START MATERIAL PROVIDED

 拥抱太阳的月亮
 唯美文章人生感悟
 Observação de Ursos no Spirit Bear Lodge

END MATERIAL PROVIDED
START MATERIAL PROVIDED

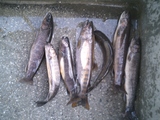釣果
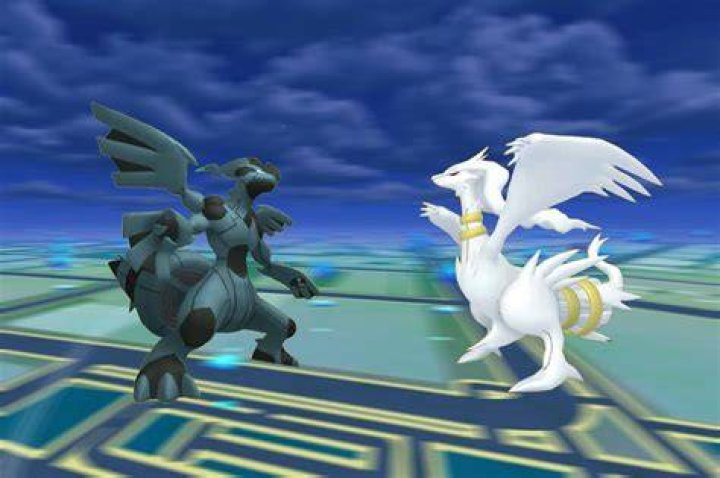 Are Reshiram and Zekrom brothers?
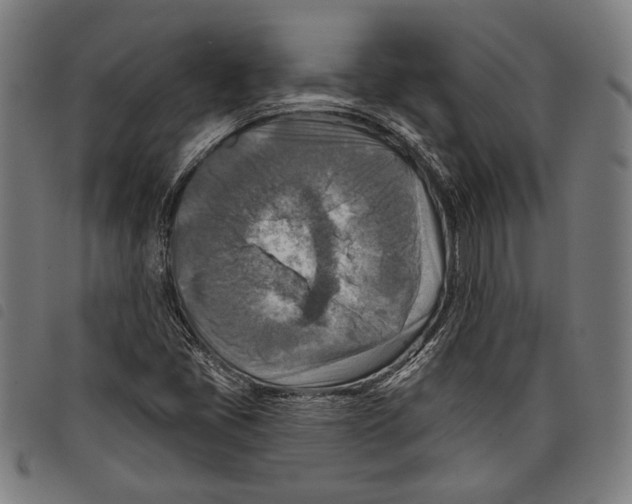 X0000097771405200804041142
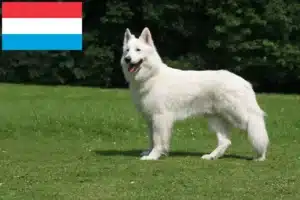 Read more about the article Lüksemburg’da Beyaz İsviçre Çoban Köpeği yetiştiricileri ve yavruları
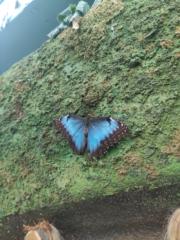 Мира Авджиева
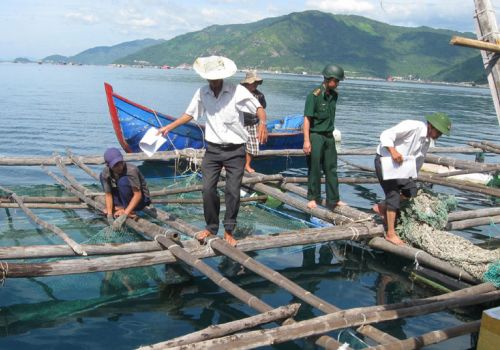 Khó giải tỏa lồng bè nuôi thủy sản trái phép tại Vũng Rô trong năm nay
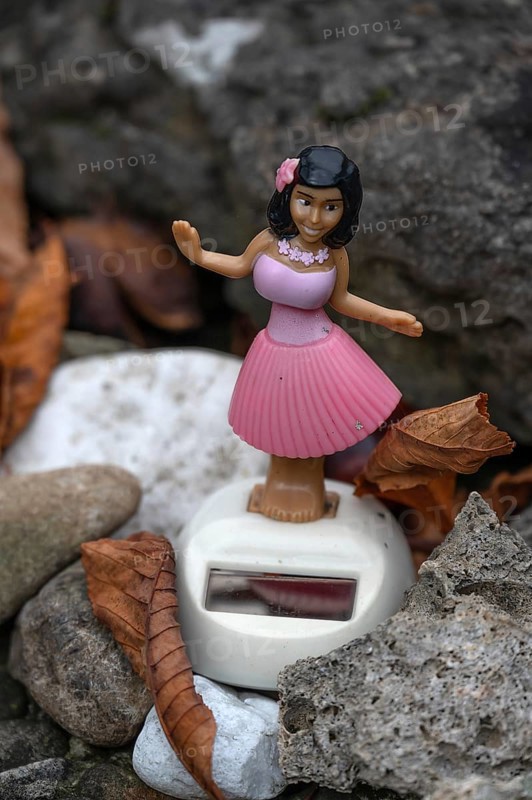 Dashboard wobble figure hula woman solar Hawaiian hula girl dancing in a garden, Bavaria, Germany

END MATERIAL PROVIDED
START MATERIAL PROVIDED

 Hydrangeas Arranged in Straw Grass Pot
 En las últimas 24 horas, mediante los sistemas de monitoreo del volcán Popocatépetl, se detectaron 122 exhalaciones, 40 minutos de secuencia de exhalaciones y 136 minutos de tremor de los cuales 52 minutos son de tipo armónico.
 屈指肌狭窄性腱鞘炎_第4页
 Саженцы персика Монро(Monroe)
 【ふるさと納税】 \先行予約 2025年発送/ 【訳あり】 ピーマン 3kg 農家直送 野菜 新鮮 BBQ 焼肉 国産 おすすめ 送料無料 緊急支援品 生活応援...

END MATERIAL PROVIDED

Could you repeat exactly the lines above from the line with "En las últimas" up to and including the line with "送料無料 緊急支援品 生活応援...", and only those?

 En las últimas 24 horas, mediante los sistemas de monitoreo del volcán Popocatépetl, se detectaron 122 exhalaciones, 40 minutos de secuencia de exhalaciones y 136 minutos de tremor de los cuales 52 minutos son de tipo armónico.
 屈指肌狭窄性腱鞘炎_第4页
 Саженцы персика Монро(Monroe)
 【ふるさと納税】 \先行予約 2025年発送/ 【訳あり】 ピーマン 3kg 農家直送 野菜 新鮮 BBQ 焼肉 国産 おすすめ 送料無料 緊急支援品 生活応援...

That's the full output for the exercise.